Le rôle de la cour d’assises de la Seine était passablement chargé lundi. Elle avait huit anarchistes à juger; huit anarchistes en deux fournées, le première composée des compagnons de Saint-Denis : Decamps, Voyez, Ferrière, Collion, Bastard, Pernin et Galau ; la seconde réservée à Mayence, gérant du Père Peinard.

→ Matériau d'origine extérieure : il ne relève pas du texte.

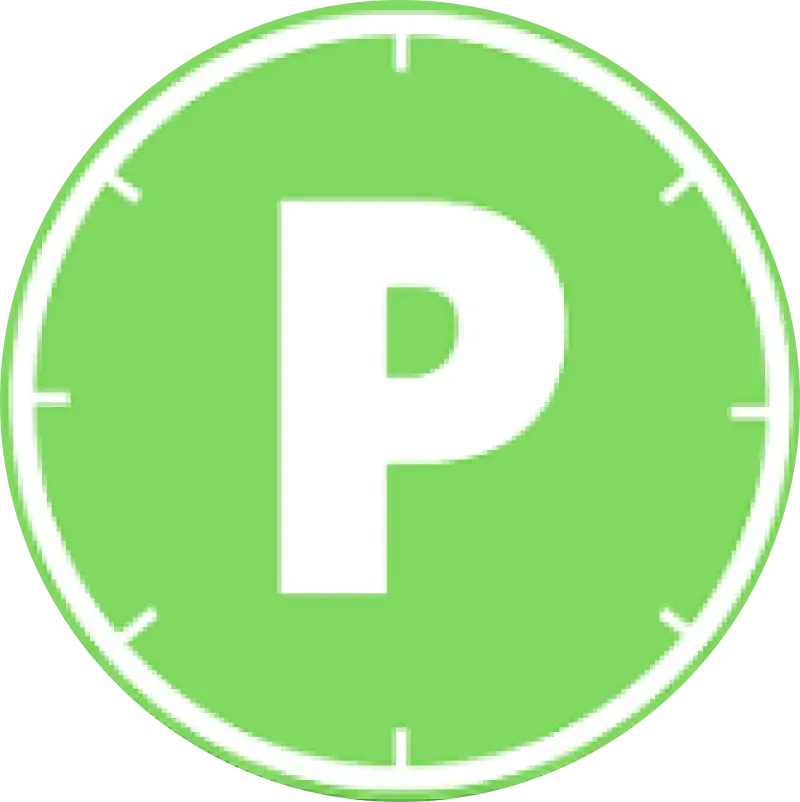 Parking Time Logo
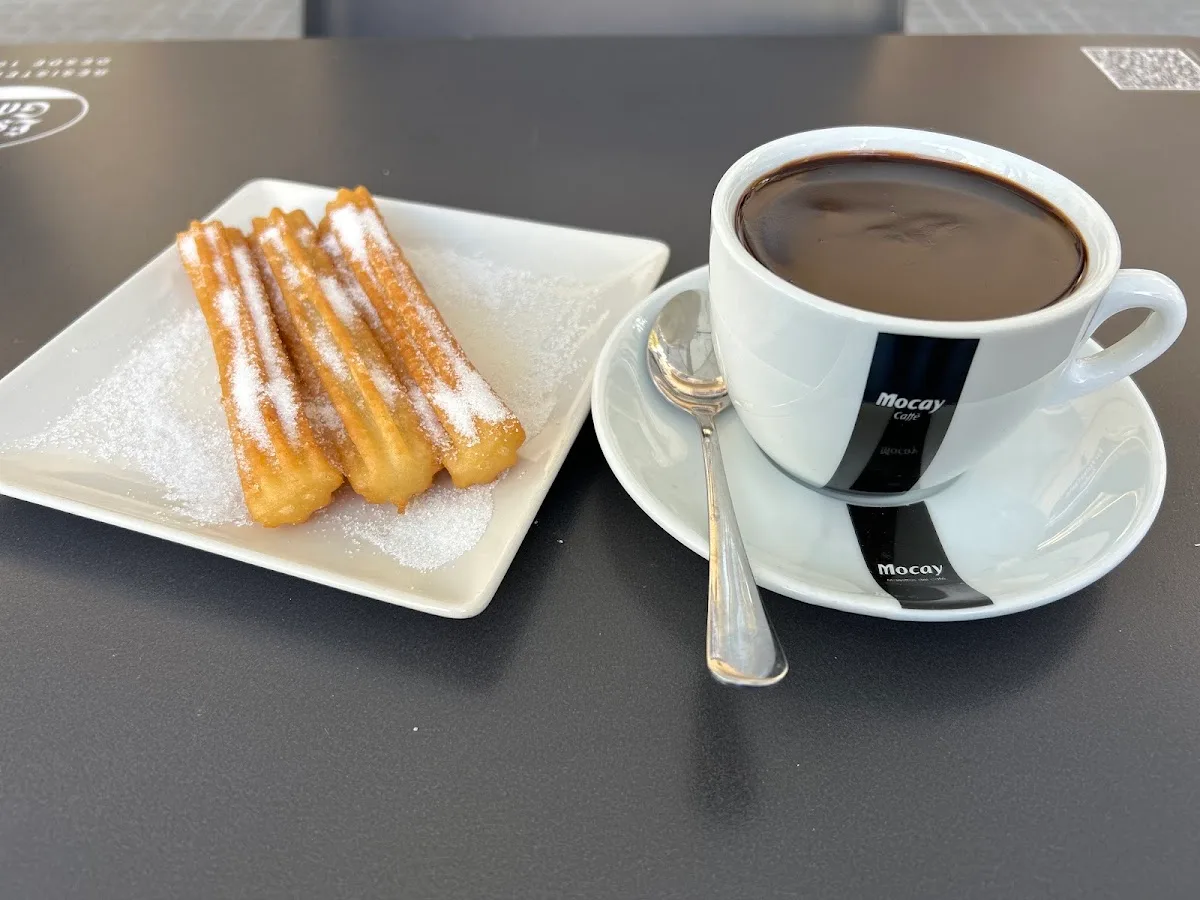 Bar La Finestra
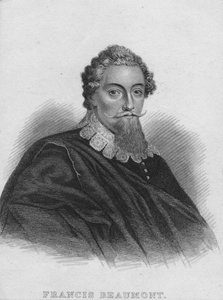 Francis Beaumont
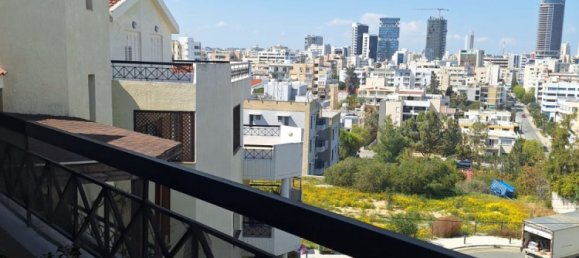 Apartamento T3 em Nicosia, Cyprus N.º 174840 10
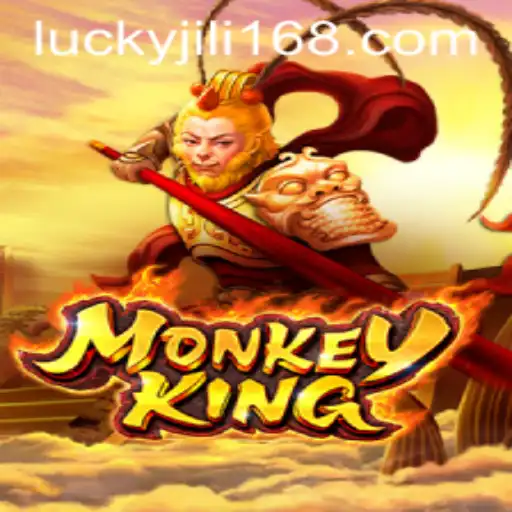 MonkeyKing: Exploring the Fascinating World of JiLi168.COM's New Game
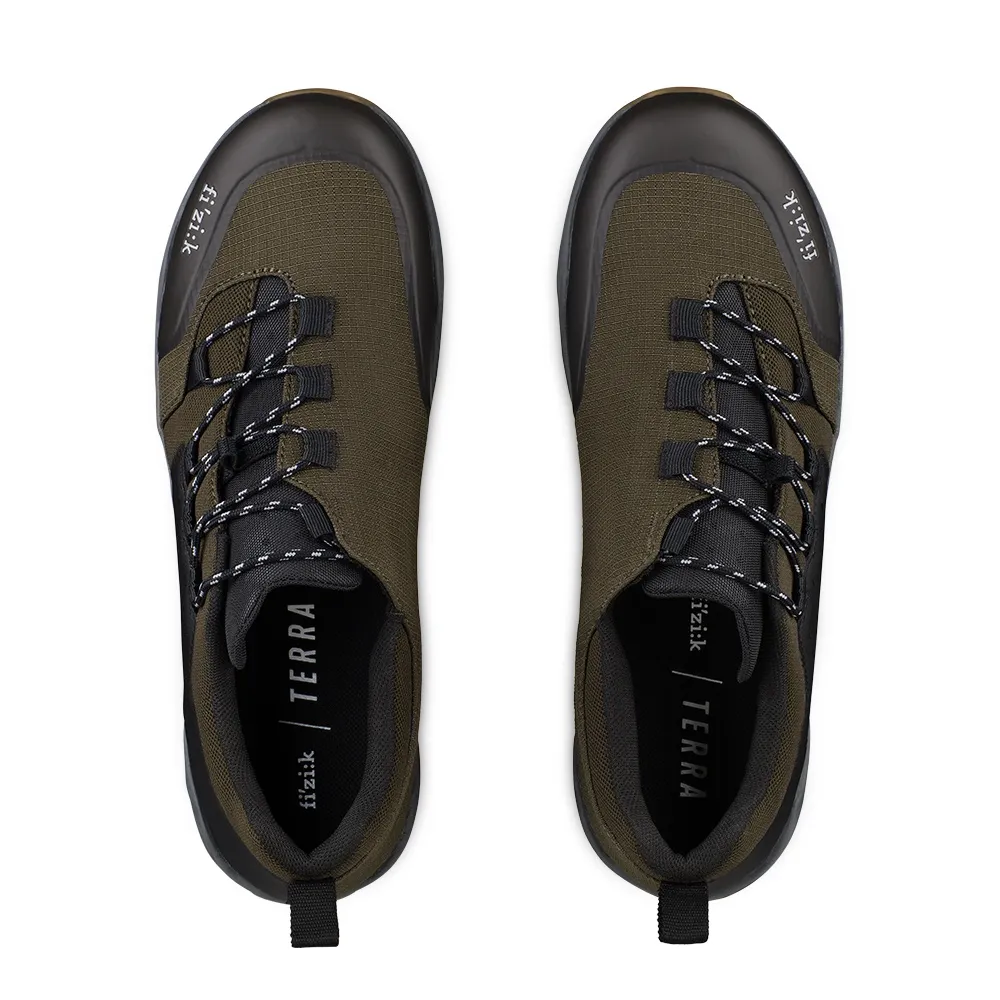 Fizik Terra Ergolace X2 Terrengsko Fizik Terra Ergolace X2 Terrengsko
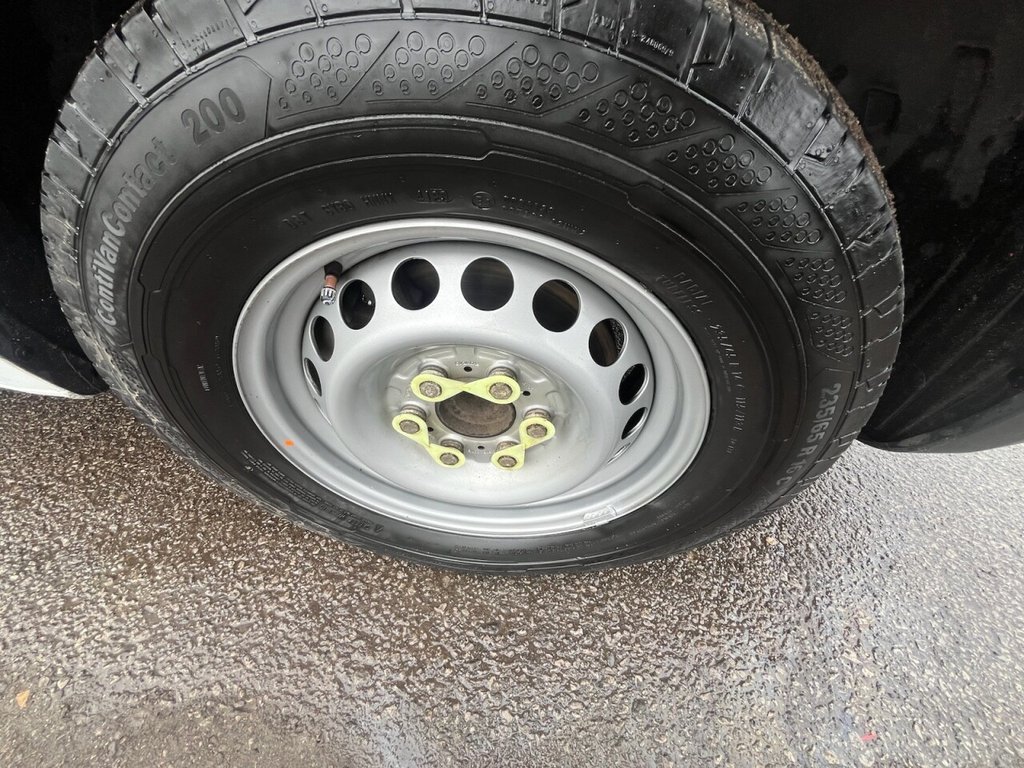 Used Mercedes-Benz Sprinter 2024 for sale - 77680602: Photo 13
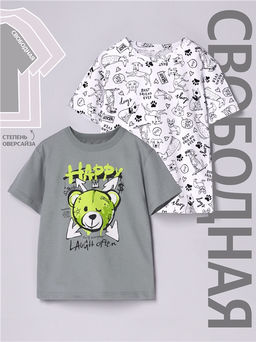 2футболки 2ПДФК5831001н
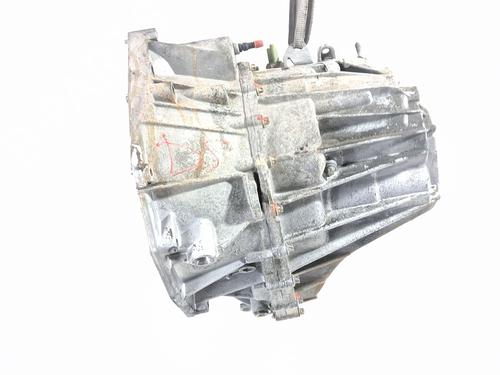 Gearbox RENAULT MEGANE II (BM0/1_, CM0/1_) 1.5 dCi (BM1E, CM1E) | BP27461960M3 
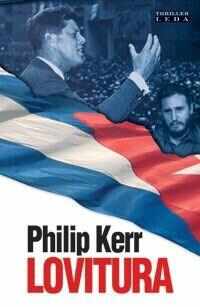 Lovitura | Philip Kerr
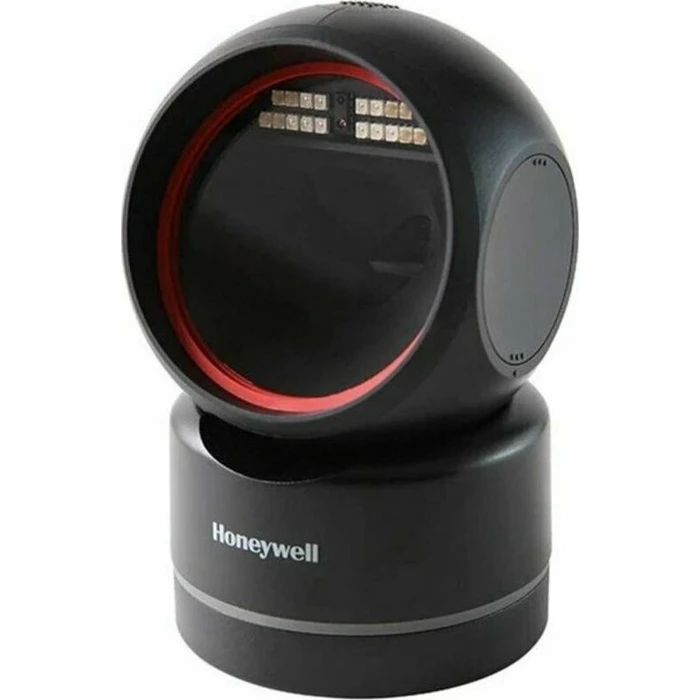 Honeywell Σαρωτής Παρουσίασης Ενσύρματος HF680-R1-2USB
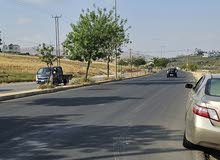 Commercial Land for Sale in Amman Shafa Badran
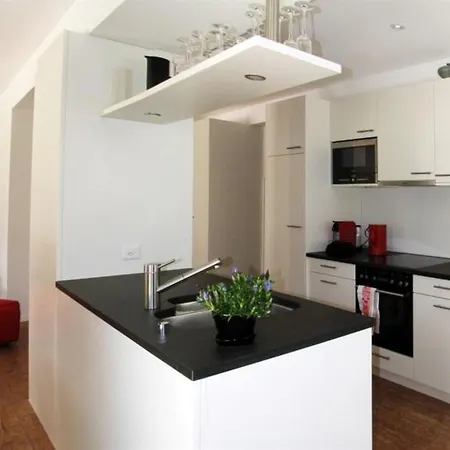 Appartamento Dolomit Appartement-fewo- Dusche Und Bad- Wc- 2 Schlafraeume 5-bettwohnung Eg By Interhome
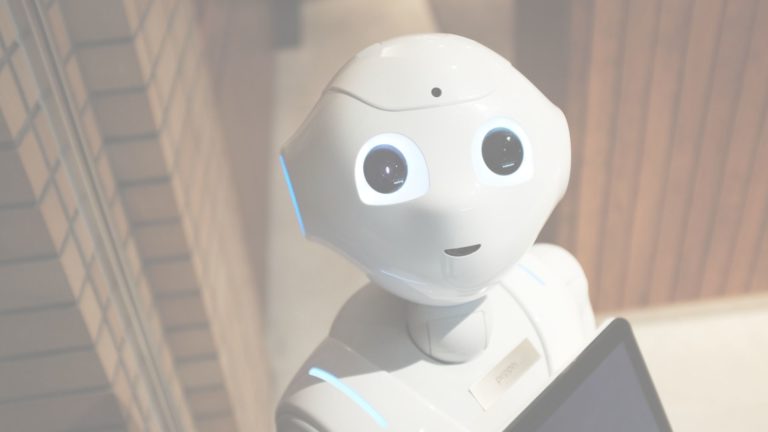 Automatización y robótica empresarial | Binovo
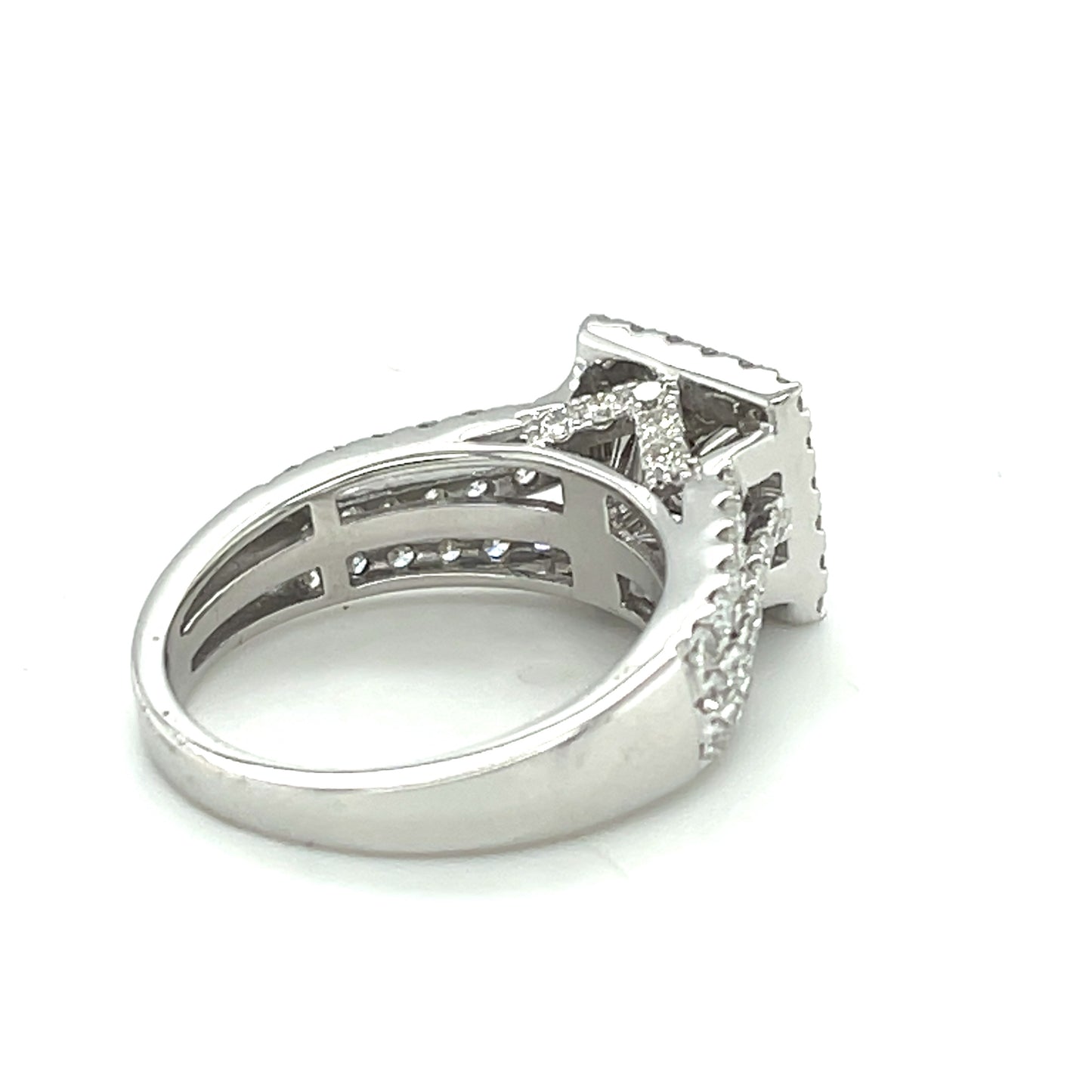 Diamond Rings - Women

Des camarades de Saint Denis poursuivis, Descamps seul était sous les verrous ; aucun des autres n’a fait défaut. Après le cérémonial d’usage, les témoins se sont présentés à la barre. Quatre agents de police de Saint-Denis sont venus raconter la manifestation à leur manière. Tout se résume en ceci, les anarchistes de Saint-Denis, ceux qui sont ici, ou d’autres, ont crié : Vive l’anarchie ! à bas la patrie! plus tard nous les avons arrêtés dans un cabaret et Decamps était porteur d’un revolver. A ce sujet, un témoin dit que le revolver était dans la poche du veston, un autre que Decamps portait la main à son pantalon, un autre enfin dit qu’il tenait les deux mains de l’accusé en les siennes. Decamps n’a pas de peine à montrer la contradiction qui existe entre les diverses déclarations et clôt la discussion en disant : du reste celui qni a trouvé le revolver dans ma poche, n’est aucun de ceux qui sont venus déposer, il n’est pas là.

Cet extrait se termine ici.